Instead of limiting the project to just one composer, he approached five leading voices in American music to write one movement each for a contemporary response to Vivaldi’s The Four Seasons. Called The Elements, the suiteexpands the four basic elements of Earth, Water, Wind, and Fire to include a fifth—Space. 

The work premiered in Hamburg last September, followed by a U.S debut with the New York Philharmonic. Thursday night’s Chicago Symphony Orchestra concert marked The Elements’ local debut under the baton of Juraj Valčuha. 

Despite having five distinct compositional voices, each movement came together in this worthy performance to form a coherent whole, aided by bookending the suite with a short reprise of the first element, Earth. One could imagine individual movements being excerpted successfully or even rescored for chamber forces.

Written by Pulitzer Prize-winner Kevin Puts, “Earth” was the most accessible, focused, and memorable of the five movements, thanks in part to the four-note ostinato that permeates it. Out of the low string ostinato grows a pensive solo violin melody, which Bell played with sumptuous legato and honeyed tone. Copland-like in its evocation of spacious American landscapes, the broad lyrical strokes built slowly into a dramatic inner section marked by increased dissonance and rhythmic complexity. 

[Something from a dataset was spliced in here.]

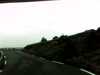 20141001-PICT0006-frame0001.jpg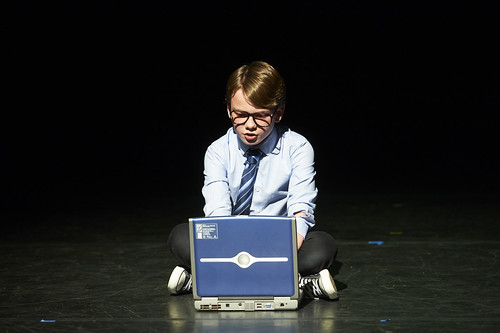 10915 Gaelic Youth Theatre 001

Edgar Meyer’s “Water” called for more virtuosic flights of fancy from Bell in its evocation of water as both gentle rain and a surging waterfall. Fiendish passages in the upper reaches of the violin were in danger of being subsumed by the full orchestra at times, and the unfamiliarity of the piece was apparent in a couple of false entrances and slight untidiness. However, these blips were quickly smoothed out under Valčuha’s assured baton and will likely diminish as the run continues.

Jake Heggie’s “Fire” similarly explored the element’s multiple associations as a force of destruction and rebirth and as a metaphor for inspiration. Most known for his operas and art songs, Heggie is rarely showcased in symphonic concerts. “Fire” is more adventurous and abstract than his operatic scores, though it still bears Heggie’s hallmark mix of extra-classical genres, such as tango and klezmer. That said, the fire of inspiration may have been too hot, as he explores too many ideas within a short span.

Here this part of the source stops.